Shah is known to call a spade a spade. Did you ever hear him describe the BJP as “the party with a difference”, something his predecessors would do with so much aplomb? No, to him, gaining power was the be-all and end-all of politics, and he spent every moment of his five-and-a-half years in the BJP president’s office in that single pursuit. If it involved using the government at the Centre to dismiss elected governments in states or using central investigation agencies, so be it. If it involved wholesale trading of opposition leaders—say, in Arunachal Pradesh where Pema Khandu crossed over with 33 MLAs to form a BJP government—or to artificially create a ‘pro-BJP wave’ to swing fence-sitting voters, so be it.
Exposing the ‘secular’ brigade
Everything is fair in love and war, as they say. For Amit Shah, politics is like a war in which he takes no prisoners. Not that his predecessors didn’t do it because they thought the BJP was a party with a difference. Not because they didn’t want to stoop to the level that the Congress did to attain or retain power. Nah, Amit Shah’s predecessors simply couldn’t. They lacked his guts, gumption and chutzpah.
There was a time when then BJP chief Venkaiah Naidu had to sack D.P. Yadav from the party because of his criminal past. But Shah had no qualms sharing the stage with Yadav at public meetings in Haryana in 2014.
Assam Congressman Himanta Biswa Sarma, once accused of corruption by the BJP, would soon become Shah’s trusted lieutenant in the northeast.
Leaders of the Congress and other traditional opposition parties were shocked by the sheer audacity of Shah’s moves. They weren’t expecting him to abandon what they and the BJP leaders of yore considered virtues of morality and probity in public life. Here was a man who was ready to match their guile with guile, and sin with sin, in power games.

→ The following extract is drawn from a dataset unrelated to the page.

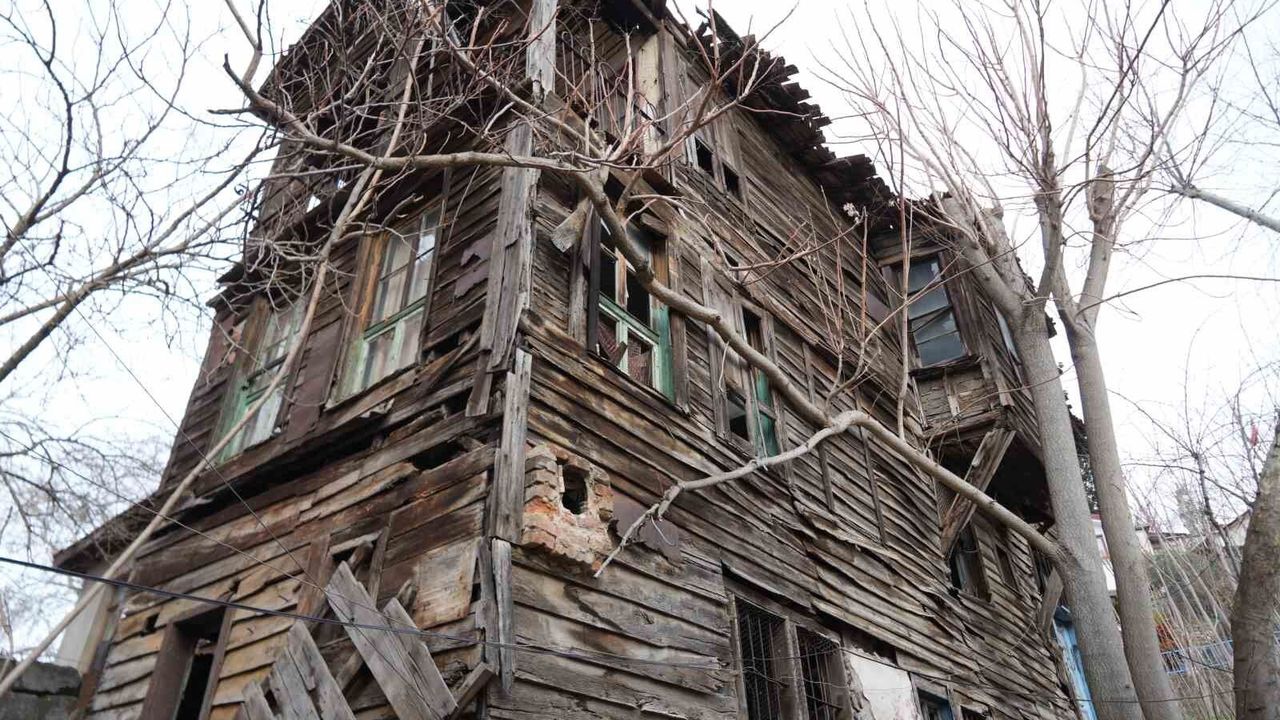 İzmit'in tarihe tanıklık eden evleri restorasyon bekliyor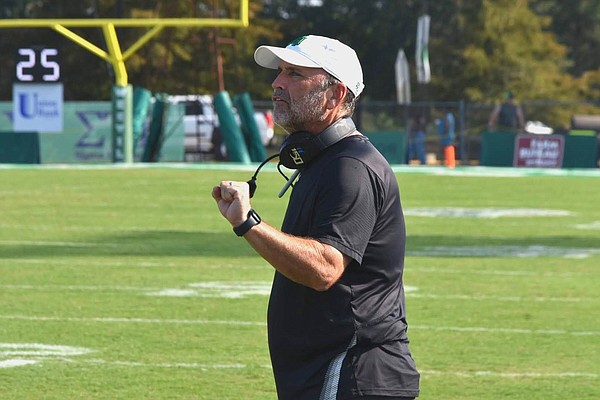 Boll Weevils, staring at losing record, host Reddies today - Vimarsana News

Congress members cried in anger—and in helplessness— accusing Shah of unveiling a “communal agenda”. But they wouldn’t come out in support of the Muslims. Shah’s aggressive and unapologetic Hindutva has taken a toll on them and the so-called ‘secular’ brigade.
When Bhim Army chief Chandrashekhar Azad joined Muslims at Delhi’s Jama Masjid to protest against the Citizenship (Amendment) Act, these ‘secular’ parties gnashed in anger, frustration and helplessness. They couldn’t join Azad, however much Shah would like them to.
Azad was trying to emerge as a new claimant of Muslim votes and the secular camp had to be upset. When Priyanka Gandhi Vadra visited the homes of the victims of police brutality during anti-CAA protests in Uttar Pradesh, she was accompanied by tika-wearing Brahmins. Have you seen any prominent politicians showing up at the Shaheen Bagh protest? Amit Shah must be credited for exposing the hypocrisy of this ‘secular’ brigade, which is confused about whether to wear a tika or a skull cap. The more they hate Shah for their dilemma, the more he loves it. Check out his website. It proudly displays critical news clippings that a normal politician would tear apart.
From juggernaut to paper tigers
Shah has also “Congress-ised” the BJP — high command culture, undermining of mass leaders — check with former chief ministers Vasundhara Raje, Shivraj Chouhan and Raman Singh — promoting mediocre Delhi darbar people, culture of sycophancy, lack of internal democracy, premium on loyalty to The Leader and not to the party, you name it. But, is anyone complaining?
It’s beyond the scope of this article to cover the whole gamut of Shah’s contributions to the BJP, but an analysis of his tenure can’t be complete without dealing with the elephant in the room.
If you were to google ‘Chanakya + Amit Shah’, you would get over 6,00,000 results. So much has been the debate on his ‘genius’ as a political strategist. But if we call him Chanakya, who is Chandragupta— Prime Minister Narendra Modi? Does Modi owe it all to Shah who he had declared the ‘Man of the Match’ of 2014 Lok Sabha election?
In 2014, when the BJP came to power at the Centre, ‘Modi wave’ was seen as a decisive factor and so was the strong anti-incumbency sentiment against the Manmohan Singh government. Shah’s ‘genius’ as an election strategist became a kind of folklore as the BJP started winning one assembly election after another—taking the tally of BJP-ruled states from seven in May 2014 to 21 in mid-2018.
The BJP under Shah was seen as a juggernaut. Although reports from the ground clearly indicated that it was the continuing ‘Modi wave’—people’s desire to give the PM a mandate in states to rule through his political regents—Shah got the credit for making the BJP an indomitable fighting machine.
With the BJP losing five states in the past one year, the aura of invincibility around Shah as the master strategist is coming unstuck, with much-hyped booth-level workers and panna pramukhs also proving to be paper tigers.
Amit Shah was also credited for changing the BJP’s image as a Brahmin-Baniya party by co-opting a sizeable chunk of OBCs and Dalits through various alliances; the assembly elections have seen most of those newcomers vanish. Modi’s popularity, as the 2019 Lok Sabha election showed, hasn’t dwindled, but the BJP’s has.
Modi has evidently been the X-factor in the BJP’s march to glory. When the history of modern Indian politics is written, it would be Chandragupta who would be credited for making Chanakya what he became.